In response, the ACLU requested that DeWeese be held in contempt for posting the Ten Commandments. However, the judge who originally ordered the first Ten Commandments display removed said the current display was perfectly legal.

“The court can find no principled basis upon which to find that, or even fully consider whether, the new display is constitutionally impermissible,” wrote U.S. District Court Judge Kathleen O’Malley in her opinion.

She held DeWeese was not in contempt of her prior order and further said the ACLU’s attempt to censor the philosophies of law was “misplaced.”

The ACLU had accused DeWeese of putting up the comparative display in violation of O’Malley’s 2002 injunction against the Ten Commandments under the caption “Rule of Law.”

The ACLU claimed DeWeese was in “public defiance” of the court order and was “undermining the administration of justice.”

O’Malley found no validity to the ACLU argument.

“It was clear from the start of this latest episode in the ACLU’s harassment of Judge DeWeese that the ACLU was choosing to ignore current law regarding public displays that include the Decalogue in an educational or historical setting,” Manion said. “The U.S. Supreme Court has made it perfectly clear – in cases brought by the ACLU itself – that government officials are permitted to discuss, acknowledge and display the Ten Commandments in a context that underscores the role played by Decalogue in ‘history, civilization or ethics.’ Any reasonable person can see that this is precisely what Judge DeWeese’s current display does.”

Along with the displays of the differing faith systems, DeWeese has added his own commentary.

“All law is legislated morality,” he writes. “The only question is whose morality.

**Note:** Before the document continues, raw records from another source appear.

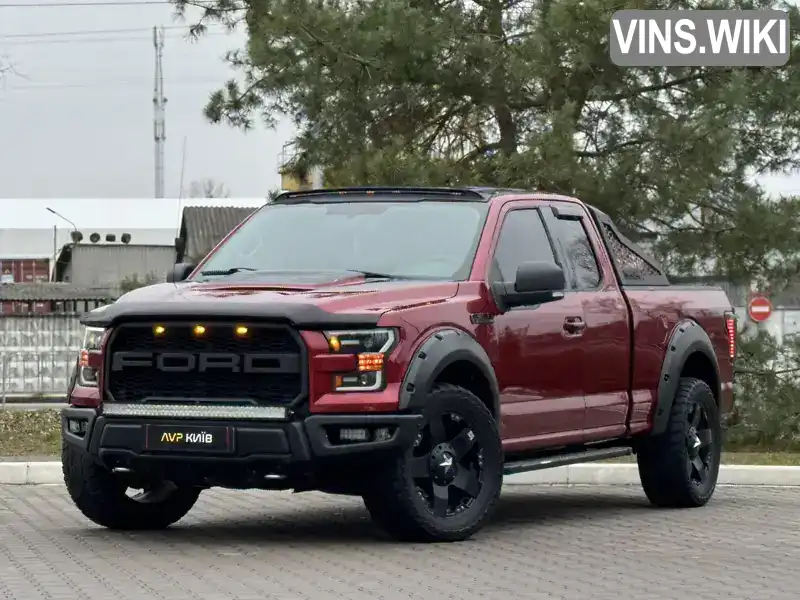 Пікап Ford F-150 2015 5 л. Автомат обл. Харківська, Харків - Фото 1/21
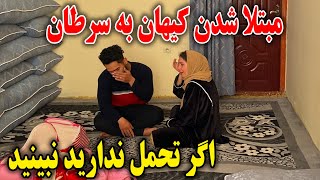 مبتلا شدن کیهان به مریضی سرطان  اگر قلب تان ضعیف است لطفا نبینید 😭🙏 [upl. by Sedecrem]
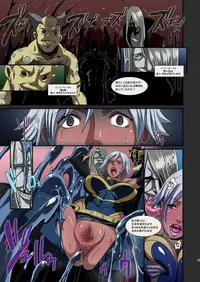 [EROQUIS! (Various)] Hamecomi!! The Ahengers (Various) [Digital]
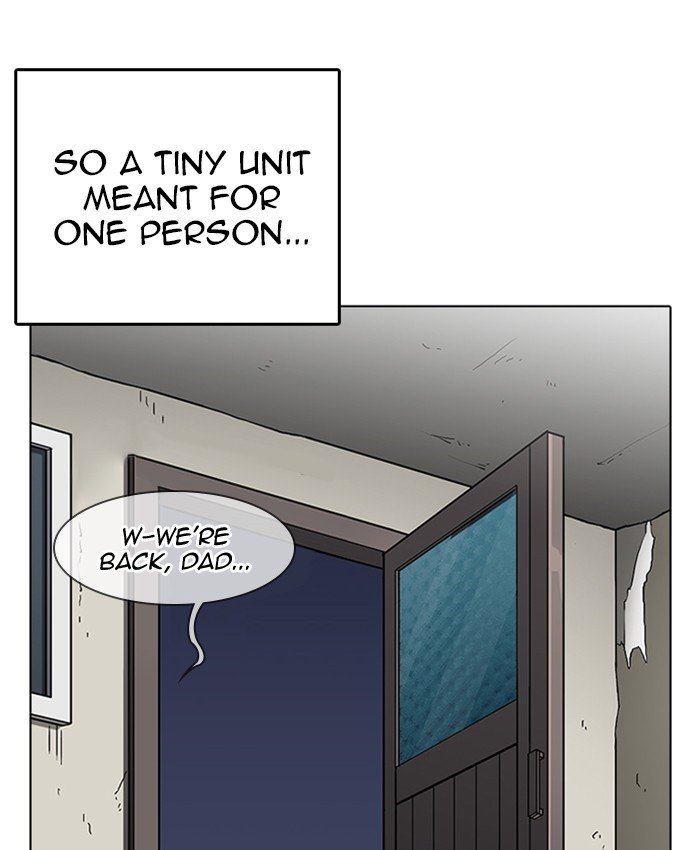 Page 154 of Chapter 220
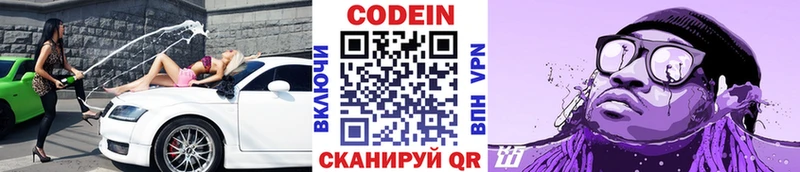 Кодеиновый сироп Lean Purple Drank  Дыгулыбгей 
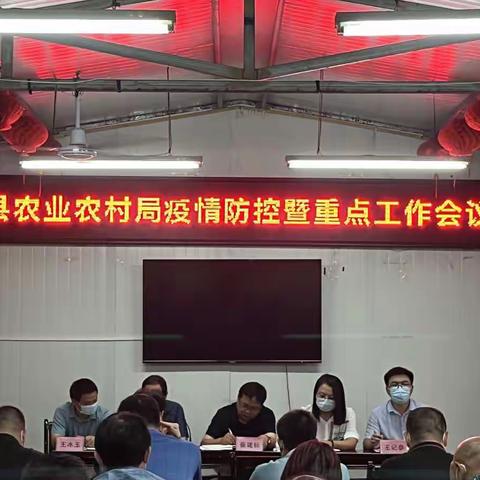 县农业农村局召开疫情防控暨重点工作会议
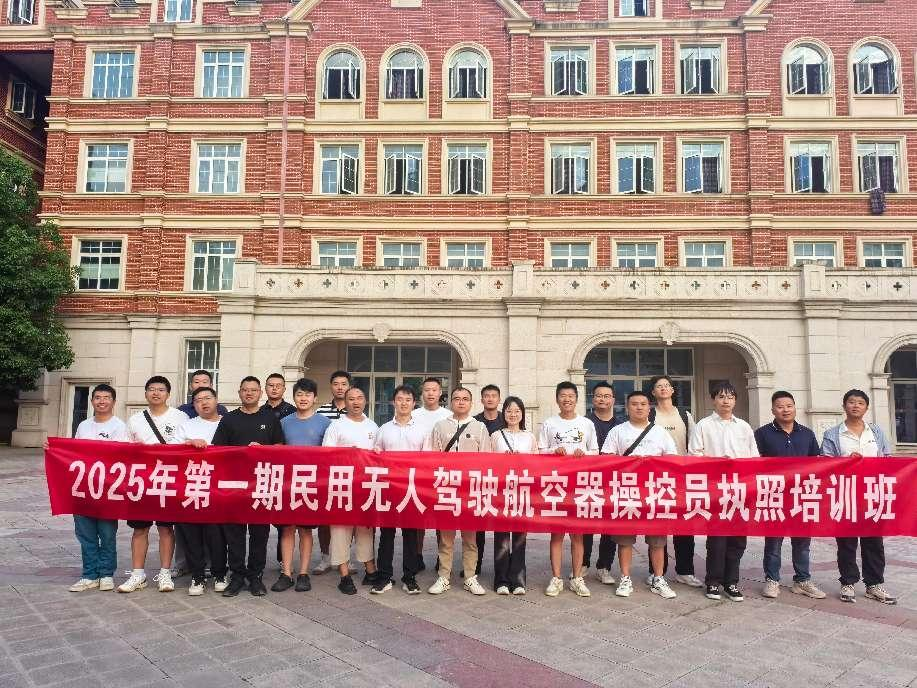 飛服公司無人機(jī)培訓(xùn)班全員取證，助力政務(wù)服務(wù)邁入“低空時(shí)代”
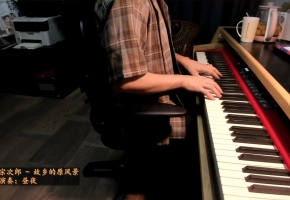 【钢琴】故乡的原风景 演奏 昼夜 翻自 宗次郎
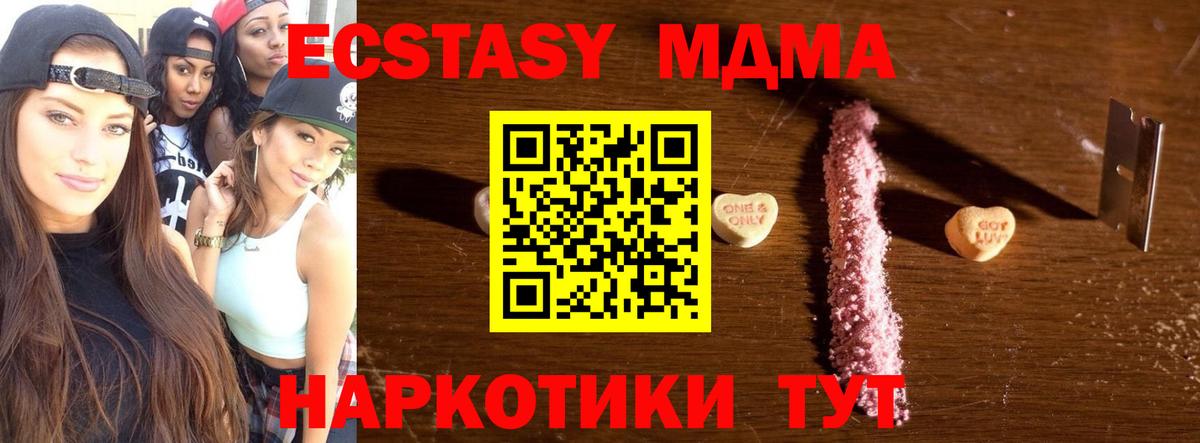 МДМА кристаллы Владикавказ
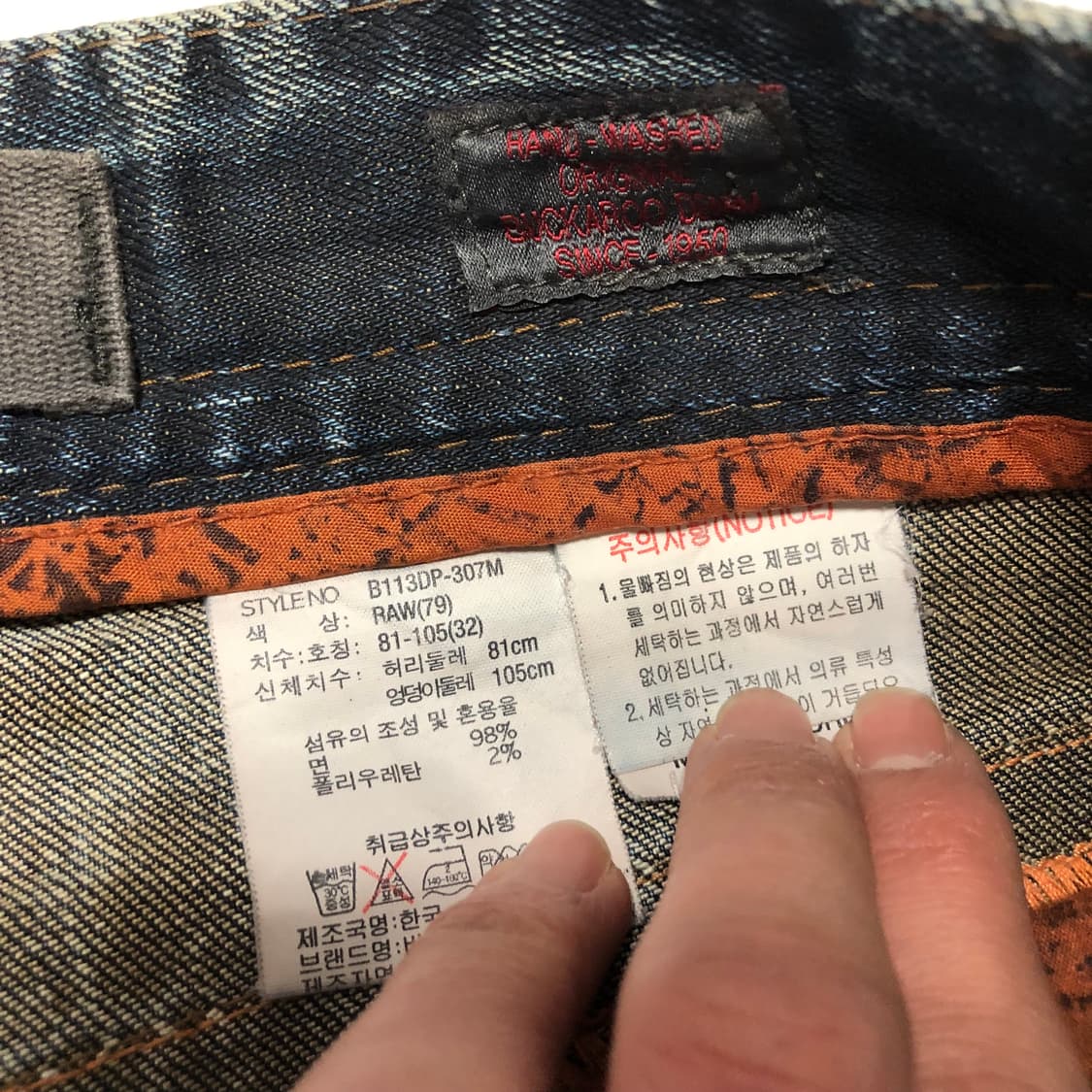 버커루 플레어진 데님팬츠  상품이미지8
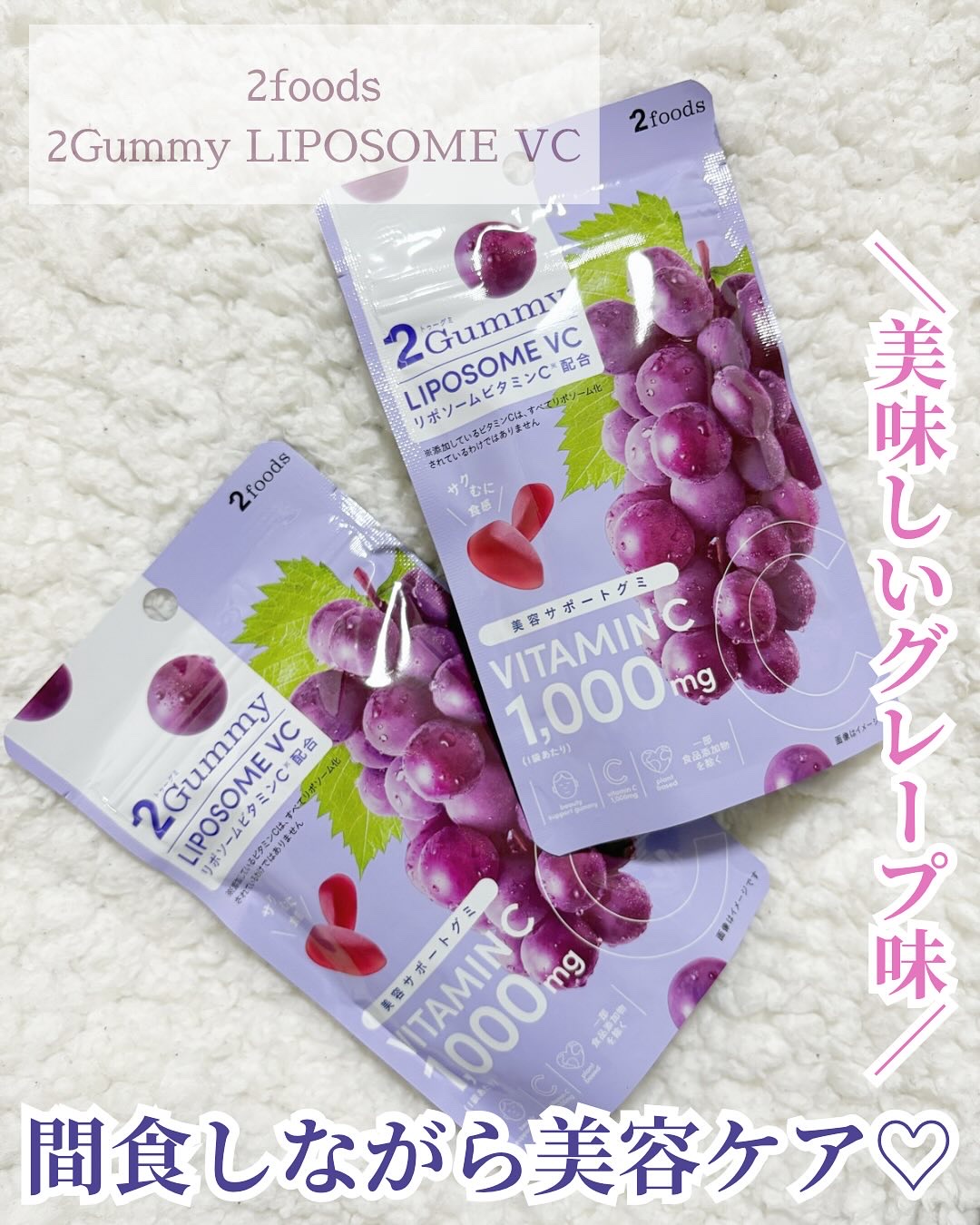 2Gummy LIPOSOME VC/2foods/美容サプリメントを使ったクチコミ（1枚目）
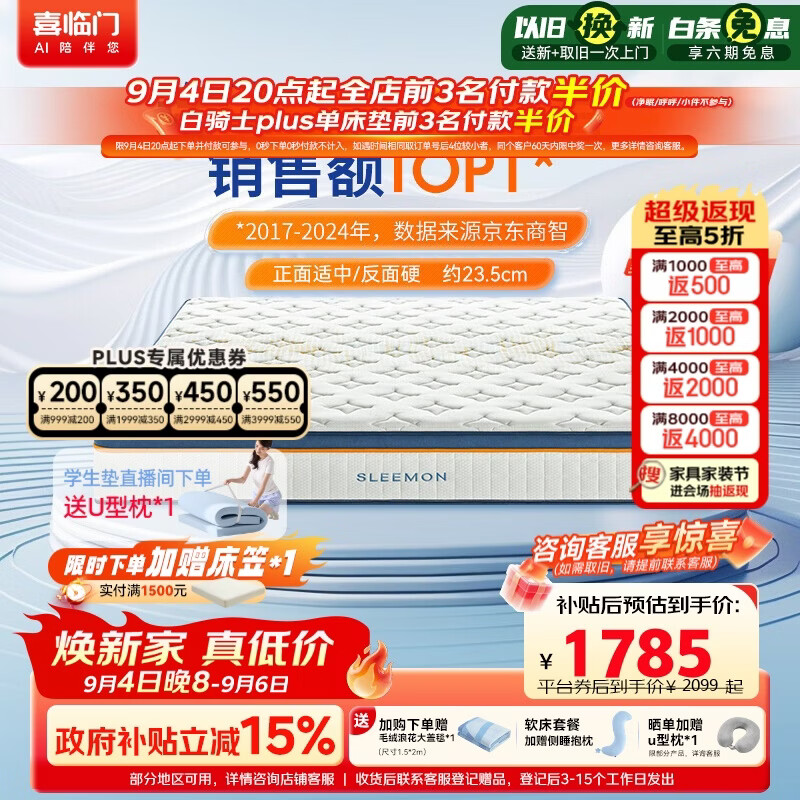喜临门梦蝶pro 乳胶椰棕床垫抗菌防螨独袋弹簧床垫 1.8x2米 软硬适中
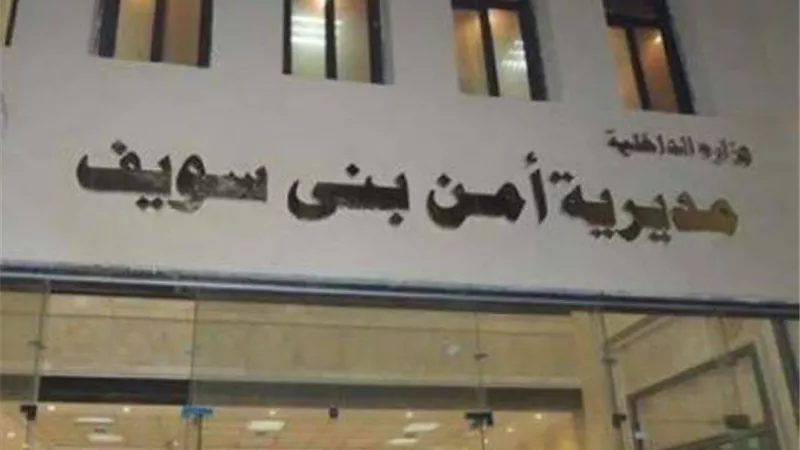 غرق ٣ أطفال فى ترعه بناصر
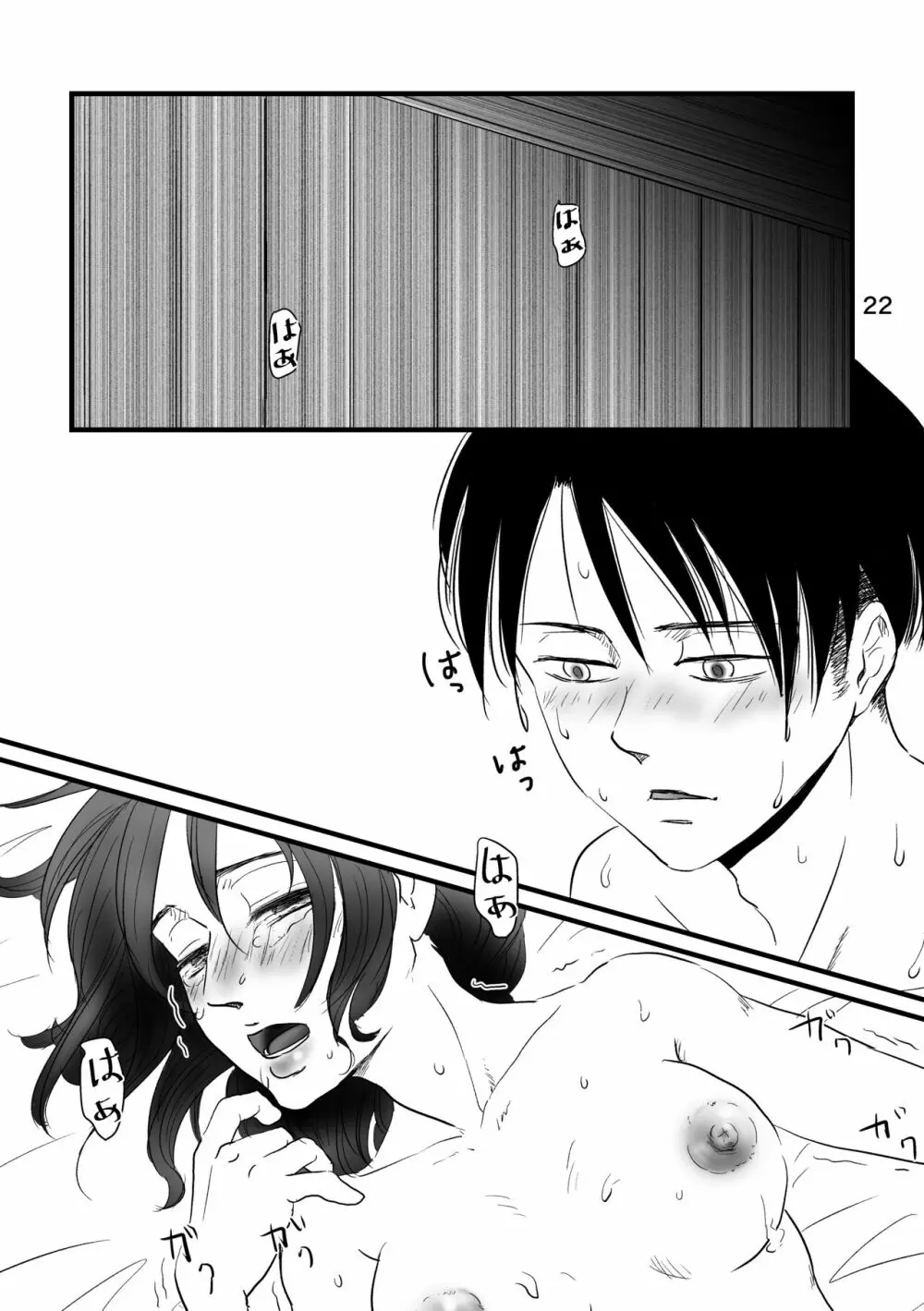 迷える子羊たちに女神の祝福を - page21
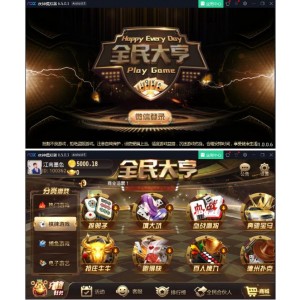 全民大亨破解授权版（附带搭建视频教程）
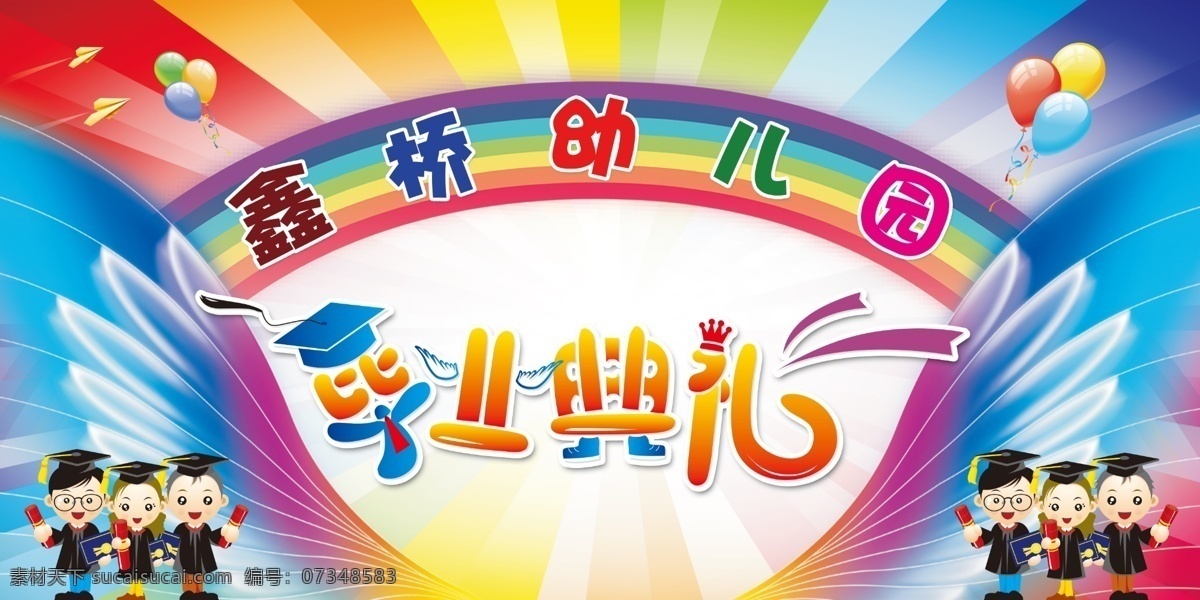 毕业季 毕业 典礼 庆典 幼儿园 幼儿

Because all morality is based on faith, there is no such thing as religious neutrality in law or morality.”

He continued, “Ultimately there are only two views. Either God is the final authority, and we acknowledge his unchanging standards of behavior. Or man is the final authority and standards of behavior change at the whim of individuals or societies.”

“Our Founders saw the necessity of moral absolutes. President John Adams said, ‘We have no government armed with power capable of contending with human passions unbridled by morality and religion. Our Constitution was made for a moral and religious people. It is wholly inadequate for the government of any other,’” he continued.

“The Declaration of Independence acknowledges God as Creator, Lawgiver, ‘Supreme Judge of the World,” and the one who providentially superintends the affairs of man,” he said. “I join the Founders in personally acknowledging the importance of Almighty God’s fixed moral standards for restoring the moral fabric of this nation.”

An image of DeWeese’s commentary has been posted on the ACLJ website.

DeWeese told the Mansfield News Journal the ACLU simply was trying to silence his speech.

“It’s really about a debate of philosophies and how that affects our criminal caseloads,” he said. “I put both sides up. People can make their own decisions.”